LLMs also have a 'g factor' https://www.sciencedirect.com/science/article/pii/S016028962...

MichaelZuo 416 days ago

I imagine the straightforward reason is that the “better” models are in fact significantly smarter in some tangible way, somehow.

johnrob 416 days ago

Well, the most likely single random sample would be a “representative” one :)

tuananh 416 days ago

until they start targeting this benchmark

simonw 416 days ago

Right, that was the closing joke for the talk.

jonstewart 416 days ago

It is funny to think that a hundred years in the future there may be some vestigial area of the models’ networks that’s still tuned to drawing pelicans on bicycles.

more-nitor 416 days ago

I just don't get the fuss from the pro-LLM people who don't want anyone to shame their LLMs...

people expect LLMs to say "correct" stuff on the first attempt, not 10000 attempts.

Yet, these people are perfectly OK with cherry-picked success stories on youtube + advertisements, while being extremely vehement about this simple experiment...

...well maybe these people rode the LLM hype-train too early, and are desperate to defend LLMs lest their investment go poof?

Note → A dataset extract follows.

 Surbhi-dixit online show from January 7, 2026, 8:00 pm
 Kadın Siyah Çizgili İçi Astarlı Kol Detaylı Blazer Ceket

obligatory hype-graph classic: https://upload.wikimedia.org/wikipedia/commons/thumb/9/94/Ga...

Breza 411 days ago

Another advantage is you can easily include deprecated models in your comparisons. I maintain our internal LLM rankings at work. Since the prompts have remained the same, I can do things like compare the latest Gemini Pro to the original Bard.

Breza 411 days ago

I'd be really interested in evaluating the evaluations of different models. At work, I maintain our internal LLM benchmarks for content generation. We've always used human raters from MTurk, and the Elo rankings generally match what you'd expect. I'm looking at our options for having LLMs do the evaluating.

In your case, it would be neat to have a bunch of different models (and maybe MTurk) pick the winners of each head-to-head matchup and then compare how stable the Elo scores are between evaluators.

dilap 416 days ago

Joke or not, it still correlates much better with my own subjective experiences of the models than LM Arena!

ontouchstart 416 days ago

Very nice talk, acceptable by general public and by AI agent as well.

Any concerns about open source “AI celebrity talks” like yours can be used in contexts that would allow LLM models to optimize their market share in ways that we can’t imagine yet?

Your talk might influence the funding of AI startups.

#butterflyEffect

threecheese 416 days ago

I welcome a VC funded pelican … anything! Clippy 2.0 maybe?

Simon, hope you are comfortable in your new role of AI Celebrity.